AS THEY TIPTOE FROM THE bedsides of their half-asleep children, parents get last calls — usually bids for a glass of water or one more story.
But a few days ago, my first grader said something unexpected from his place on the bottom bunk in the dark bedroom as I gently pulled the door shut.
“Mama? Guess what? I got third place in the Tigers against Teasers poster contest,” Andy, 7, said.
Anti-bullying posters tacked to hallway walls at Erie Elementary School where a tiger is the mascot spell out the players in this story –who is a bully, who is a target, and who is a bystander — and choices each one can make.
The contest aims to enrich learning by challenging students to make their own poster, to draw and write about what good they could do as bystanders.
Perhaps it is no coincidence that the Tigers against Teasers poster contest coincides with the Jan. 15 birthday celebration of Dr. Martin Luther King Jr. observed this year on Jan. 19.
Students get a G-rated version of what black people suffered and still suffer at the hands of white bullies through an MLK unit.
Teachers spare them the details of his last days — the bomb threat that delayed his plane from leaving Atlanta for the sanitation workers strike in Memphis; the bullet that ripped through his right cheek as he stood on the second floor balcony of the Lorraine Motel; the hatred he weathered for rallying targets and bystanders to resist bullies without violence.
Yet, they get the point.
Everyone has a playground, and not everyone on that playground plays nice.
Andy’s poster, with its cave wall-like drawings, reflects that understanding.
He drew a red circle and slash across a bully stick figure thrusting some sort of weapon at a target stick figure gushing tears from a submissive position on the ground.
Andy listed the word “No” in the left column under this illustration and wrote, “No teasing. No being mean. No pushing.”

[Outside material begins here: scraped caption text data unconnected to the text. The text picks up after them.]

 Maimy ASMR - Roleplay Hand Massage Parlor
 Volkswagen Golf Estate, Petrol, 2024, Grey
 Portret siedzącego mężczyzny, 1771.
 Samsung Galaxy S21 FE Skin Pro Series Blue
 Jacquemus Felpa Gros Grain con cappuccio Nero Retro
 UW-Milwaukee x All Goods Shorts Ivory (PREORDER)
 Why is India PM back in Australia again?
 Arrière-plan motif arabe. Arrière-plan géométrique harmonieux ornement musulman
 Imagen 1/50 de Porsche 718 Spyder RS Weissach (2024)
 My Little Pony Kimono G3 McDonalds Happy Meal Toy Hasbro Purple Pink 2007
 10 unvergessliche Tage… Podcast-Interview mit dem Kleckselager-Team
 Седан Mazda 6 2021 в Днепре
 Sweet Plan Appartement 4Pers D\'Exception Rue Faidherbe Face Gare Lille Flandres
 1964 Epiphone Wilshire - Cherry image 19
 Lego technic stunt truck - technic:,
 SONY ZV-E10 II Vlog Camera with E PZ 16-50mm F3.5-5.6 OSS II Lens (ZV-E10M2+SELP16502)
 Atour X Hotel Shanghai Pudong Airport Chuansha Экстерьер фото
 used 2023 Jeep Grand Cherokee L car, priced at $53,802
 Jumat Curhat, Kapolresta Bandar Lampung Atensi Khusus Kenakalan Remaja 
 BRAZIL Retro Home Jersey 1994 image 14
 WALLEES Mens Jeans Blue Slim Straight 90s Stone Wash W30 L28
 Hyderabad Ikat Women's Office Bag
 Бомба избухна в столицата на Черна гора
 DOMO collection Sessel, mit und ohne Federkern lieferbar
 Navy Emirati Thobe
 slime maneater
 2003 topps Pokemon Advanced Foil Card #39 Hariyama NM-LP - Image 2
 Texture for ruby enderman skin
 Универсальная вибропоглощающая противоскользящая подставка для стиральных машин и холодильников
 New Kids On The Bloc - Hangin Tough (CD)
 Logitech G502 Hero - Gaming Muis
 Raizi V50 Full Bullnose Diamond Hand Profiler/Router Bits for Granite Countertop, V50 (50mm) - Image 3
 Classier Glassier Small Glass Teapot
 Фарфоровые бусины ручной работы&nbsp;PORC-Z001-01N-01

In the next frame, he drew a bystander stick figure reaching down to the crying person to give the target of bullying a hand up.
A list of the word “Yes” — as in, “Yes, you should help. Yes, you should be nice.” — stacks up under this illustration.
When I was in first grade in the mid 1970s, MLK had been dead just seven years, and it would take until 2000 for all 50 states to recognize the federal holiday honoring him on his birthday.
I am uncertain as to when elementary school textbooks wove his life and legacy into the curriculum.
But this addition, along with projects such as the poster contest to raise awareness, heartens me– makes me feel the press of progress as our youngest citizens learn about MLK’s message and good fight.
That is especially true since his work remains unfinished across discrimination’s waterfront, and bullying continues to rock our boat.
MLK wrote as much from his Birmingham jail cell: “Injustice anywhere is a threat to justice everywhere.”